El fuego llegó a tres mil metros de sus 900 hectáreas de campo de loma, ubicado en el pueblo de Mercedes, en el corazón de la provincia. Hace dos semanas combatió los incendios en la primera línea. Vecinos y productores completaban durante el día las labores nocturnas de los bomberos. Acudieron con botellas, bidones y barriles con agua, cueros de oveja mojadas, mochilas fumigadoras. “Yo mismo armé un autobomba en mi camioneta. Muchos productores hicimos esto porque los bomberos no dan abasto. El fuego se había iniciado en la ruta. El viento lo arrasó y era imposible pararlo. Había que atacarlo de costado, por retaguardia. Se hicieron contrafuegos. Había mucho que apagar”.

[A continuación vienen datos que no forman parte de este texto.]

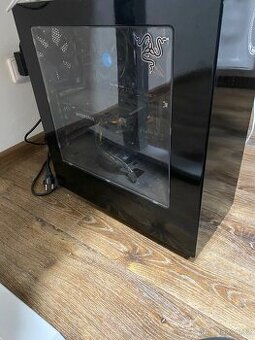 PC + monitor iiyama -plně funkční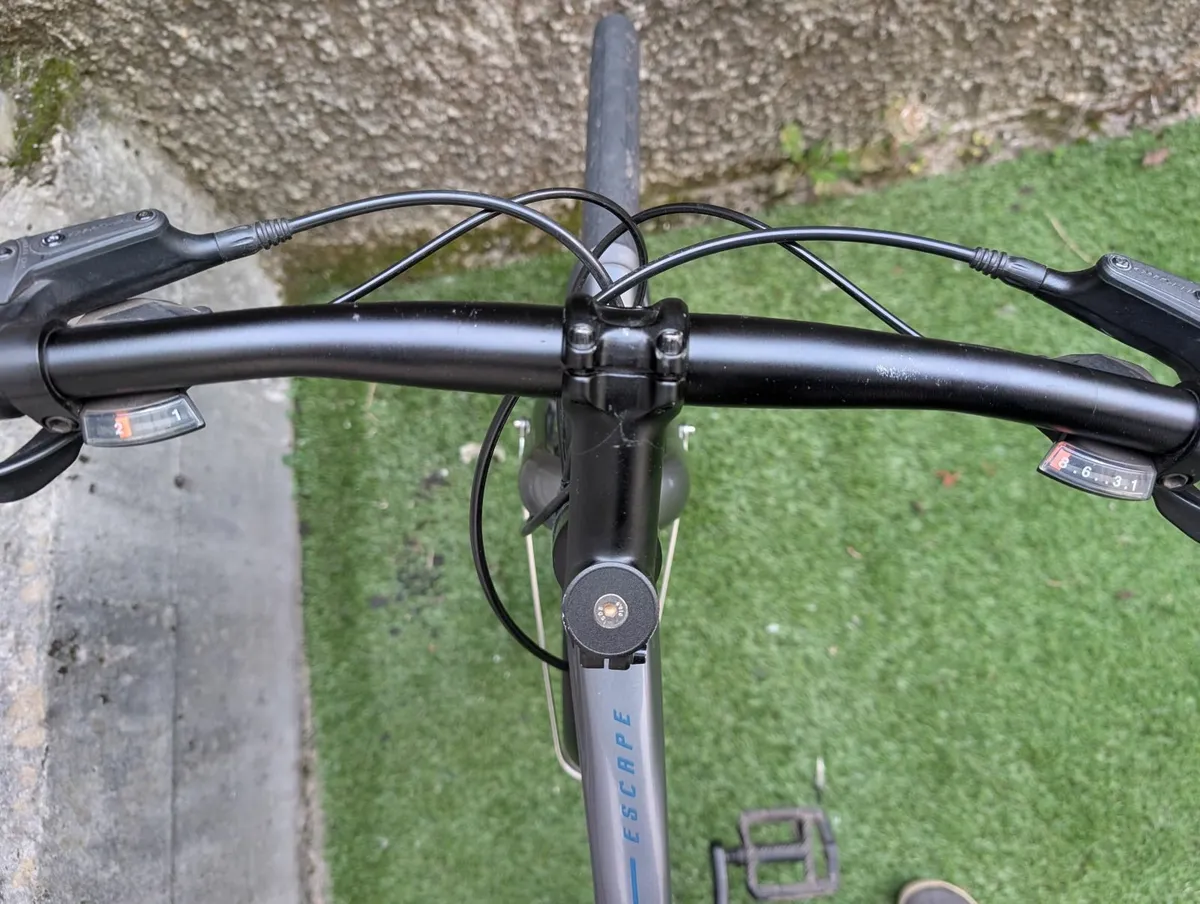 Giant Escape Disc Bicycle - Image 2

Fueron dos días de ahogar pastizales y mojar la tierra con instrumentos rudimentarios para sofocar el fuego. Solo el olor a pasto quemado llegó a sus campos donde cría vacas, ovejas y caballos. Los terrenos son elevados y superficiales: poco humus y mucha piedra. No son aptos para cultivos. Pero la pastura es buena. La lluvia en verano -precisa- es fundamental para el rebrote del pasto en invierno.
En medio de la entrevista, unas gotas vuelven a caer sobre su estancia. Así como agradeció al cielo las lluvias de la tarde, también agradece el llamado oportuno del cronista como si fuese un designio divino. Su llanto es de liberación. Acumulaba tres meses de angustia. La última precipitación en su campo había sido en noviembre. En diciembre hubo una leve llovizna que, bajo sus estándares, no califica como lluvia. Para las fiestas de fin de año ya vislumbraba la sequía. En enero, las temperaturas superiores a los 40 grados, la radiación solar, el calor del suelo y la falta de lluvias ratificaron sus presunciones. En febrero, los incendios provocados y la inacción del gobierno alimentaron su indignación e impotencia.
El miércoles cantó el himno nacional ante 250 personas. En una asamblea abierta de productores autoconvocados en la intersección de las rutas 119 y 24, en el distrito de Mariano Loza, departamento de Mercedes, entonó las estrofas con “consternación y concentración, con fuerza, como aprendí a cantarlo”. Un “¡viva la patria!” sirvió de telón para la entrega de un petitorio a las autoridades nacionales y provinciales. El documento tiene la palabra “desastre” en mayúsculas y nueve solicitudes puntuales, entre ellas la declaración de catástrofe productiva de la provincia, el tratamiento de una ley nacional para situaciones de emergencia y catástrofe productiva que permita la subsistencia de las empresas afectadas, la eliminación del impuesto a los sellos para los créditos prendarios y la custodia permanente de rutas por las fuerzas de seguridad para evitar los incendios intencionales.
“Dios nos ayude y nos ampare. Le vamos a dar batalla al fuego. No nos vamos a rendir”, remarca Ernesto Peluffo, que se contenta con la lluvia que cae y se ilusiona con la que podrá caer en las próximas horas. Tiene las energías embargadas por los focos de incendio en su provincia natal. En 36 días se conmemorará el desembarco de las tropas argentinas en las Islas Malvinas. Son dos “fuegos” distintos. El de 1982 fue intenso y no le permitió el repliegue de su compañía. Las fuerzas británicas los intimaron a rendirse en inglés y en español. Su sección ya enumeraba muertos, heridos y armas sin municiones: “El combate estaba definido y la superioridad británica era abrumadora”.
Se anima a establecer un único parangón entre aquella catástrofe y ésta: la incertidumbre. “Uno en la guerra no sabe lo que va a hacer el enemigo. Siente esa incertidumbre por lo que no conoce, por ese miedo a lo desconocido. Con el fuego pasa lo mismo: no se sabe para dónde va a ir, no se sabe cuánto va a durar. Eso es lo más cercano a la guerra. Pero no tiene comparación. En la guerra es todo destrucción y muerte. Con el fuego la destrucción es evitable”.